Il existe de nombreuses façons de réaliser une fraude à la TVA, volontaire ou pas. En effet, l’application du bon taux de TVA peut s’avérer complexe et il est fréquent de faire le choix d’un taux erroné sans pour autant avoir voulu frauder. À titre d’exemple de difficultés liées aux choix du taux de TVA, il convient de relever dans le cadre d’une activité de transport de voyageurs (taxi, VTC, etc.) d’appliquer un taux de TVA différent si le transport est réalisé sur un trajet prévu à l’avance ou si le véhicule est mis à la disposition du client.
Les fraudes volontaires sont aussi très courantes avec les transactions non déclarées dites "parallèles". Il s’agit simplement de ne pas enregistrer une transaction dans le cas où les clients ne sollicitent pas de justificatifs de paiement et ces fraudes peuvent être effectuées avec l’aide de logiciels permettant d’effacer certaines opérations.
Une autre fraude classique que l’on retrouve en matière de TVA est l’application d’un montant toutes taxes comprises pour le consommateur sans que le redevable ne verse la TVA collectée à l’État. Le principe d’autoliquidation évoqué précédemment a d’ailleurs amené cette fraude sous de nouvelles formes.
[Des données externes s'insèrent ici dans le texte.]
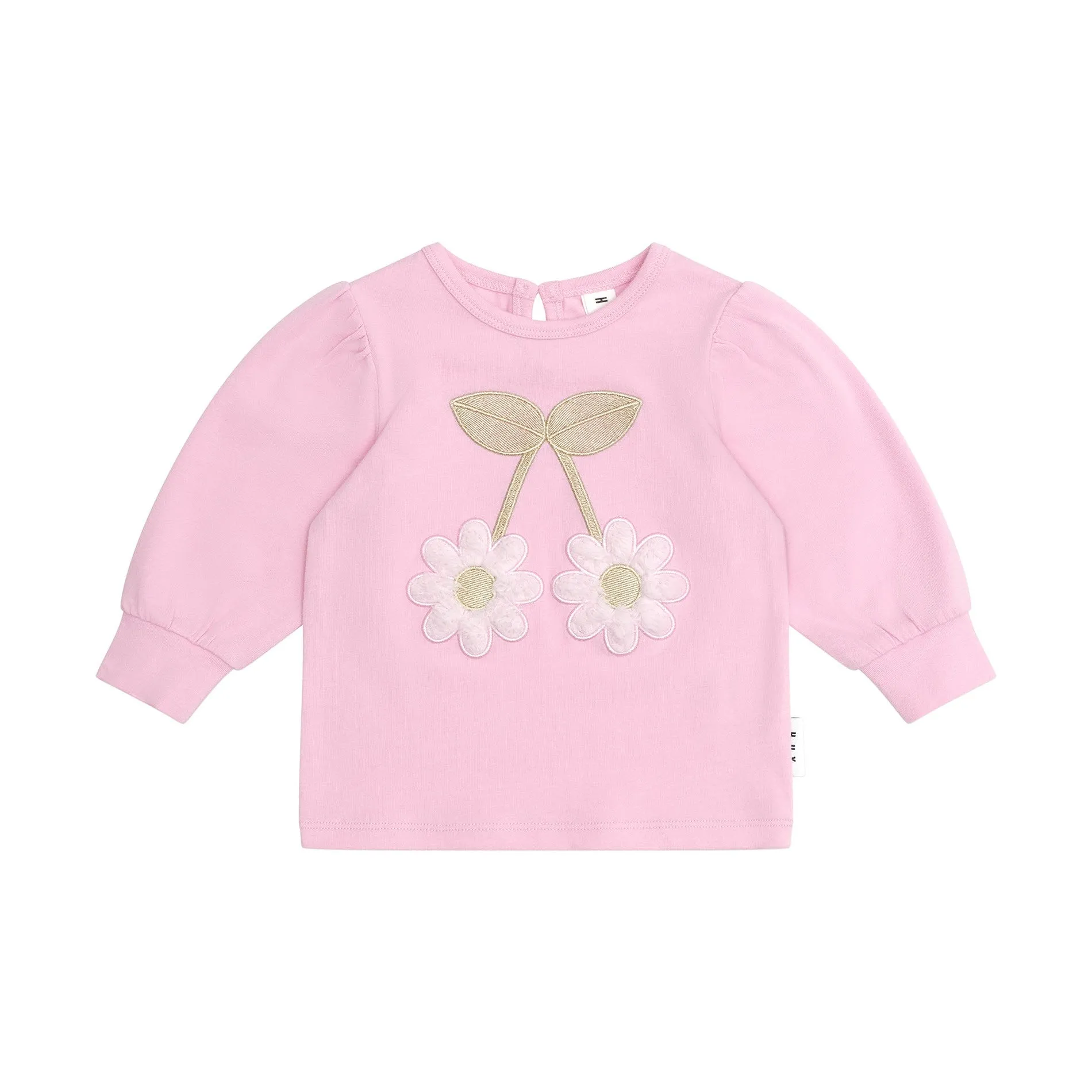 Huxbaby Cherry Daisy Puff Sleeve Top - Lilac Mist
En voulant simplifier les démarches, notamment avec la disparition des obligations déclaratives de TVA, il est devenu beaucoup plus difficile de tracer les opérations assujetties et par conséquent leur recouvrement.
Les fraudeurs ont donc mis en place des montages avec des opérateurs dits "défaillants" qui disparaissent sans avoir acquitté la TVA dont ils sont redevables. Ainsi, des entreprises importent des produits, parfois fictifs, supposés être acheminés vers l’opérateur défaillant dans un autre État-membre sans avoir à payer la TVA puisqu’elle est censée être payée par ledit opérateur défaillant. Les marchandises, quand elles existent réellement, sont la plupart du temps revendues au marché noir. Ce dernier type de fraude, réalisé à grande échelle et sur plusieurs pays, est appelée la fraude carrousel.
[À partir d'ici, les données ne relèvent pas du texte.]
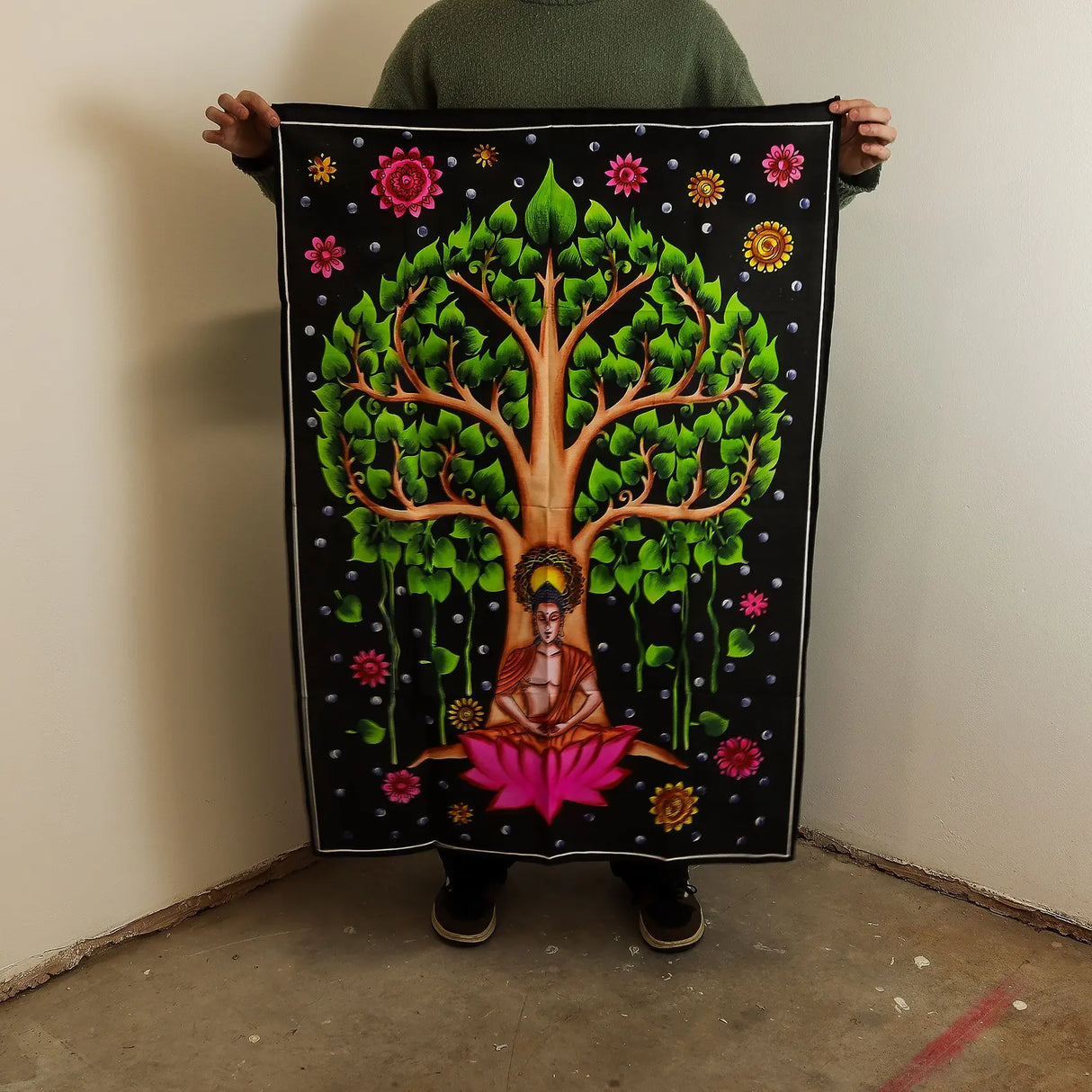 Cotton Wall Art (70x110cm) - Buddha Bodhi Tree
Elle a d’ailleurs concerné les plus grandes affaires médiatisées en matière de TVA avec notamment l’affaire des échanges de droits d’émission de gaz à effet de serre. De fait, le législateur et la jurisprudence tentent tout pour sanctionner ce type de fraude.
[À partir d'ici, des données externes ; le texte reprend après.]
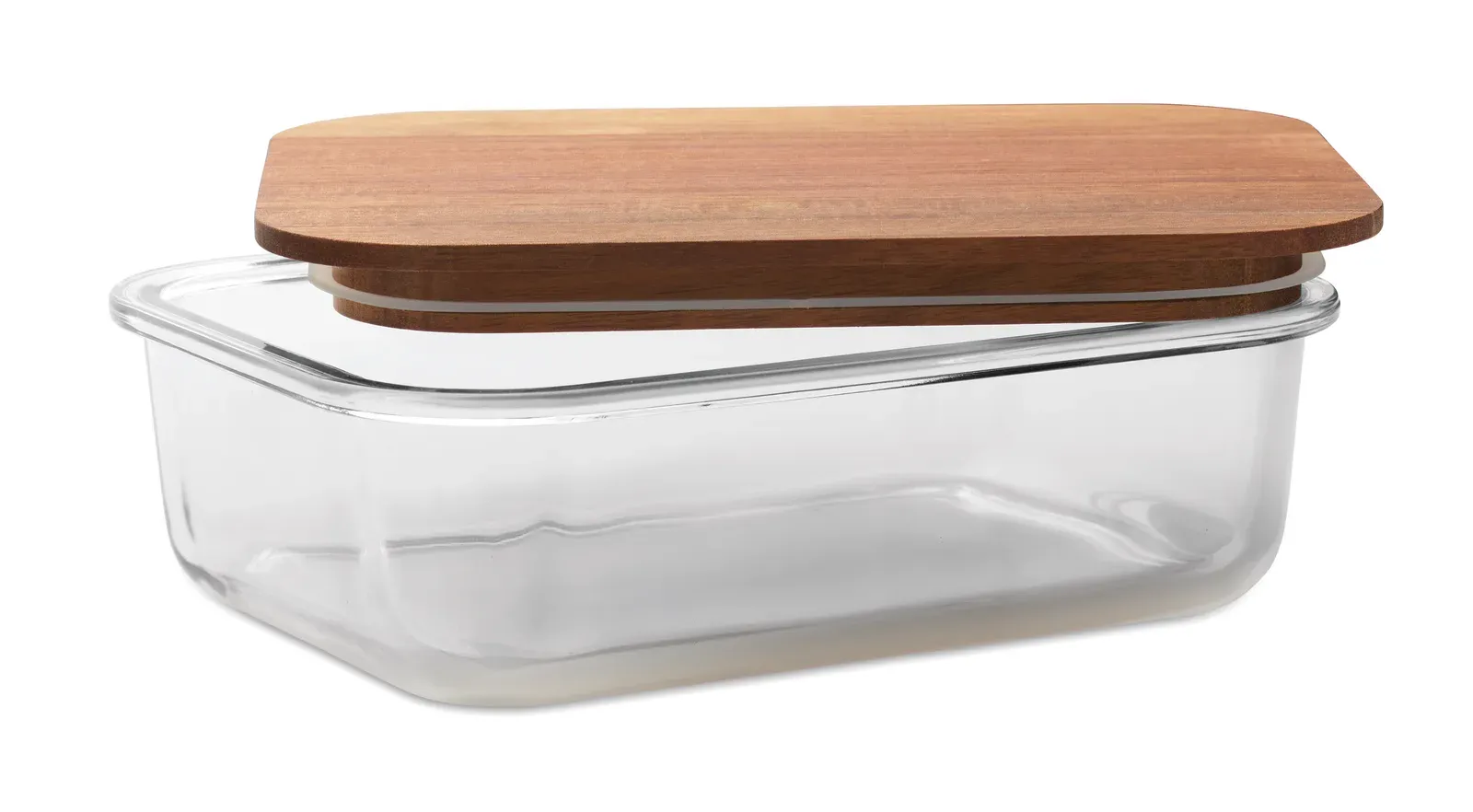 Vitrio Lunch – Lunch Box in Glass with Acacia Wooden Lid and RPET Elastic Band Closure — Transparent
La mise en place de fraudes à la TVA peut s’avérer simple dans le cas d’un choix de taux erroné, mais peut aussi être la conséquence d’un montage complexe d’escroquerie et blanchiment d’argent en bande organisée.

Des sanctions collectives

Si les principaux acteurs d’un tel montage encourent des sanctions pénales pouvant aller jusqu’à plusieurs années d’emprisonnement, amendes ainsi que dommages et intérêt d’un montant égal à la TVA fraudée, il n’en demeure pas moins que certains protagonistes collatéraux ne sont pas exonérés de toute responsabilité. En effet, une jurisprudence européenne constante sanctionne les entreprises "lorsqu’il est établi, au vu d’éléments objectifs, que celui-ci savait ou aurait dû savoir que, par l’opération invoquée pour fonder ce droit, il participait à une fraude à la taxe sur la valeur ajoutée commise dans le cadre d’une chaîne de livraisons ou de prestations" (CJUE, 1re ch., 18/12/2014, aff. C-131/13, C-163/13 et C-164/13, Staatssecretaris), et ce, même si elles ont fait l’objet d’une relaxe sur le plan pénal. Autrement dit, une entreprise qui se trouverait impliquée, volontairement ou non, dans un montage frauduleux à la TVA, peut se voir sanctionner s’il est démontré qu’elle a dû ou aurait dû savoir qu’elle faisait partie d’un tel montage. Très souvent, les entreprises citées dans une fraude carrousel font l’objet de contrôles fiscaux menant à des rappels de TVA assortis de pénalités de 40% pour manquement délibéré même s’il ne s’agissait que de négligence.